Figure 3.

Immunolocalization of p23 after microtubule disruption with nocodazole. HeLa cells were treated with 10 μM nocodazole for 2 h to induce the formation of dispersed Golgi stacks, were fixed, and then processed for double immunofluorescence with antibodies against p23 and ERD2, ERGIC-53, myc-NAGT I, or TGN38. For double immunofluorescence of p23 with ERD2 or TGN38, biotinylated CT antibody was revealed with streptavidin-FITC. Fluorescein and rhodamine channels were merged (overlay) after adjustment of both fluorescence signals to similar levels. The inset shows a higher magnification of the area indicated by an arrowhead.
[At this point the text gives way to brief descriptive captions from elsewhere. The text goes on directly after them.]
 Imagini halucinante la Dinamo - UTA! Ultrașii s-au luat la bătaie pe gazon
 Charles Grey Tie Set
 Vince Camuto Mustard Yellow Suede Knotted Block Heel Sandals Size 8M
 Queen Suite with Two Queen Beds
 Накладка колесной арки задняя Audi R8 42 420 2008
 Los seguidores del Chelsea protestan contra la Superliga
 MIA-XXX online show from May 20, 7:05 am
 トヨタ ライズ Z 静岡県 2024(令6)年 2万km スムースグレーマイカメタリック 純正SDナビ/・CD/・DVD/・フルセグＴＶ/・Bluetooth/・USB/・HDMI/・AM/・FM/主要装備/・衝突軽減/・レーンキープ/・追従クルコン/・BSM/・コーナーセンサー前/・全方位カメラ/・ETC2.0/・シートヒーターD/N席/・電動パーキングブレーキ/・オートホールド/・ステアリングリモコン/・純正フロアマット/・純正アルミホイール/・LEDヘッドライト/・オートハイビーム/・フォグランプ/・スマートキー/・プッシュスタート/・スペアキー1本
The p23 signal overlapped completely with that of the KDEL receptor, ERD2, and extensively with that of ERGIC-53. Numerous ERGIC-53–positive membranes, corresponding to the ER, did not contain p23. Segregation of NAGT I and p23 occurred in perinuclear Golgi fragments that labeled for both markers, and in smaller peripheral structures that only labeled for p23. The absence of signal overlap between p23 and TGN38 was obvious. The colocalization of p23 with proteins of the cis-Golgi (ERD2), and the segregation of p23 and proteins of the medial (NAGT I) and trans-Golgi (TGN38) indicates that p23 localizes to the cis side of the Golgi. Bar, 5 μm.